◆ PROBLEM ◆
With the material below, print exactly the lines between the line holding "1 Pontiac Dr, East Lyme, CT 06357 - photo 16" and the line holding "Blå Begagnad 2015", inclusive. Add nothing else.

◆ MATERIALS PROVIDED ◆
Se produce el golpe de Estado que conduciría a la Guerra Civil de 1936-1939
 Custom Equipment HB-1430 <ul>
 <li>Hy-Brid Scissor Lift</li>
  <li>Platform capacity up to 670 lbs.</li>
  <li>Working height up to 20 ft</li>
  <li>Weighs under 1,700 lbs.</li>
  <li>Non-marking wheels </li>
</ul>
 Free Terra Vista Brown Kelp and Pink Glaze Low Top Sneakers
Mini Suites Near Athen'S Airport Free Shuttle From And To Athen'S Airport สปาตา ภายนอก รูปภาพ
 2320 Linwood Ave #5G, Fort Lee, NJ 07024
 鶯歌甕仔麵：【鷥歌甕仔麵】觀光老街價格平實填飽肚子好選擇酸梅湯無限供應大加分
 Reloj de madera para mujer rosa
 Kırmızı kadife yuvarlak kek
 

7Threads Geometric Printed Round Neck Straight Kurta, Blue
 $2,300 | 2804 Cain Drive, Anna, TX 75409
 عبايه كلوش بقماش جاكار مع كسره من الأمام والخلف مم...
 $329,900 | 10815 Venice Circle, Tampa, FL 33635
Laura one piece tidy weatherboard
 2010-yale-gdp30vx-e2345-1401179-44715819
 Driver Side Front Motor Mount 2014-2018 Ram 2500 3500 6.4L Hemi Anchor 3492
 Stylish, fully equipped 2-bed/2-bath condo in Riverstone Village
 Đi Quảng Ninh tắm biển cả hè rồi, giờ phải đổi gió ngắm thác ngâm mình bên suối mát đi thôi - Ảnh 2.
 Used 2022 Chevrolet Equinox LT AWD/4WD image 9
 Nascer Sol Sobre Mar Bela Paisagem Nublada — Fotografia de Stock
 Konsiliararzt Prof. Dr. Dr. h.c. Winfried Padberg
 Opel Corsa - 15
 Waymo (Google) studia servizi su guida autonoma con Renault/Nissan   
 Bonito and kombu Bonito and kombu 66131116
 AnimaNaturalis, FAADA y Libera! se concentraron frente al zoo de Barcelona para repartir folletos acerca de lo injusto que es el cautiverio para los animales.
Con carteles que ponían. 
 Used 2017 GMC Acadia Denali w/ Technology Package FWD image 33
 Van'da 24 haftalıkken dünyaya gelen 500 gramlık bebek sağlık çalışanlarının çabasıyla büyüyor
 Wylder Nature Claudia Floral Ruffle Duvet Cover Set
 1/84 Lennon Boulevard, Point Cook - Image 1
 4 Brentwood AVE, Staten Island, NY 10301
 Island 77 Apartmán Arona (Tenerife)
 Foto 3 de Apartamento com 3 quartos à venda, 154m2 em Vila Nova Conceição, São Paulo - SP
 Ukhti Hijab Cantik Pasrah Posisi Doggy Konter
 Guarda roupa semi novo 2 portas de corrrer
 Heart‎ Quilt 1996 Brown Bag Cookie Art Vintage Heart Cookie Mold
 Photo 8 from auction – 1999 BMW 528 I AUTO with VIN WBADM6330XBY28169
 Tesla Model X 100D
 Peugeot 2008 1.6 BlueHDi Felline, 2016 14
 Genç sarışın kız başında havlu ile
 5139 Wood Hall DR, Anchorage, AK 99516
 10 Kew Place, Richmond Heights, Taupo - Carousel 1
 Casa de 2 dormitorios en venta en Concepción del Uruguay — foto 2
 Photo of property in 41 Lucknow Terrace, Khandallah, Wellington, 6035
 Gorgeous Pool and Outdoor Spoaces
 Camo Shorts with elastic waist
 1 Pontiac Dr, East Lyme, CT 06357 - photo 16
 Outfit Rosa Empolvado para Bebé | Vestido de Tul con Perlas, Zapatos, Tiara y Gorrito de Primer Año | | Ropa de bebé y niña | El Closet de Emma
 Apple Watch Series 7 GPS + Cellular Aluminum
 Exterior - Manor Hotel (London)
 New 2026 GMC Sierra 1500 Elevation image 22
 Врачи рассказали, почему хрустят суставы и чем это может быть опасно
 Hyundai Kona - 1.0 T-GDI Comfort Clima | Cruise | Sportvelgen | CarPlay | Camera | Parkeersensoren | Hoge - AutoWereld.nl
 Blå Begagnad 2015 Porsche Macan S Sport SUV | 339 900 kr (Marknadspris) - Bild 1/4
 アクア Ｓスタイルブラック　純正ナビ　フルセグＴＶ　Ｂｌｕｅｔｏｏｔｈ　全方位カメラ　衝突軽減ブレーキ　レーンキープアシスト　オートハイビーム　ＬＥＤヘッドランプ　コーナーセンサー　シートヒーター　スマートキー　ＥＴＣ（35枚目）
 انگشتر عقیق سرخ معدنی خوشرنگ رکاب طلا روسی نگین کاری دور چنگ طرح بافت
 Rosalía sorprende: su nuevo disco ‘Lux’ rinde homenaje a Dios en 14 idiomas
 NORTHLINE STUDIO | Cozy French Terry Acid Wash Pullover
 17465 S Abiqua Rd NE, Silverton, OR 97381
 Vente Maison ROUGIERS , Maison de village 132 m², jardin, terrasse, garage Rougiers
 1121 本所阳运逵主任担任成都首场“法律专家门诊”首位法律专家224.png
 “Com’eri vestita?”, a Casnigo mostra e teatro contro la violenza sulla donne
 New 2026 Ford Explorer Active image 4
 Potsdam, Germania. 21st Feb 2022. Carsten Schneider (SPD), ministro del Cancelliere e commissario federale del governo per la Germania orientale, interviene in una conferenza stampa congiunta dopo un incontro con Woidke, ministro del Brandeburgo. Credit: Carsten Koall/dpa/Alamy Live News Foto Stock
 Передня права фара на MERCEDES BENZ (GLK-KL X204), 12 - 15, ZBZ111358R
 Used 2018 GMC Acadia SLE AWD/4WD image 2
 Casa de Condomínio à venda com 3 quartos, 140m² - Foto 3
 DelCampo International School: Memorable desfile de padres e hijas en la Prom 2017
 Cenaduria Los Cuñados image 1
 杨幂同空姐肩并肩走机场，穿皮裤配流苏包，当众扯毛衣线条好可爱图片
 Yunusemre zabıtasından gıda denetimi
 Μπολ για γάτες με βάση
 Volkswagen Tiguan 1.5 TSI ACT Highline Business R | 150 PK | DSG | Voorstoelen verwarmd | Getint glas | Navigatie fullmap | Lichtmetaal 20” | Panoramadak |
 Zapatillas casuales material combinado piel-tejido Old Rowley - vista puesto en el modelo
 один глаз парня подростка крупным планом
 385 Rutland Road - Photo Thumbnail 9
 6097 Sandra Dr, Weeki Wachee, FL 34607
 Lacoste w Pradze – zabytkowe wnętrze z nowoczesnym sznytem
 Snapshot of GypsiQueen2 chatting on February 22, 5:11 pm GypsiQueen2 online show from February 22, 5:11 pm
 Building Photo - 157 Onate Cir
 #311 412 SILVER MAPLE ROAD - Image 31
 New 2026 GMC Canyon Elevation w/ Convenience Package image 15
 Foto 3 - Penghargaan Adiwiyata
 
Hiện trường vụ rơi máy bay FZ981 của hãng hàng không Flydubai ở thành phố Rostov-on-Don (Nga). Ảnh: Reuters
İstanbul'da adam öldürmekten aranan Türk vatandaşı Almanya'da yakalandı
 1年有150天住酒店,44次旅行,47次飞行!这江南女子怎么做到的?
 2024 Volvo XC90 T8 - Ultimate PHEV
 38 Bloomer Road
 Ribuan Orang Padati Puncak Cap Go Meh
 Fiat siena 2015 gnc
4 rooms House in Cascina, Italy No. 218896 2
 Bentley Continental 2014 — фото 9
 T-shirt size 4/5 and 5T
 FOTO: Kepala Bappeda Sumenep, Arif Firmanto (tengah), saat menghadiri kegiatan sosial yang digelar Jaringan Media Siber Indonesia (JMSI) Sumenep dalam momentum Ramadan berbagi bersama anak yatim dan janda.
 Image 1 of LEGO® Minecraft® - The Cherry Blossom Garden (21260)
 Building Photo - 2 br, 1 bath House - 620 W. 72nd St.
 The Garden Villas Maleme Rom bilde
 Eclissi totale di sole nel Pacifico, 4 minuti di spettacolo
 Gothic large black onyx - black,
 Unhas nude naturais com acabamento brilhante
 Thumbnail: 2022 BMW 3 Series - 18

◆ RESPONSE AREA ◆
 1 Pontiac Dr, East Lyme, CT 06357 - photo 16
 Outfit Rosa Empolvado para Bebé | Vestido de Tul con Perlas, Zapatos, Tiara y Gorrito de Primer Año | | Ropa de bebé y niña | El Closet de Emma
 Apple Watch Series 7 GPS + Cellular Aluminum
 Exterior - Manor Hotel (London)
 New 2026 GMC Sierra 1500 Elevation image 22
 Врачи рассказали, почему хрустят суставы и чем это может быть опасно
 Hyundai Kona - 1.0 T-GDI Comfort Clima | Cruise | Sportvelgen | CarPlay | Camera | Parkeersensoren | Hoge - AutoWereld.nl
 Blå Begagnad 2015 Porsche Macan S Sport SUV | 339 900 kr (Marknadspris) - Bild 1/4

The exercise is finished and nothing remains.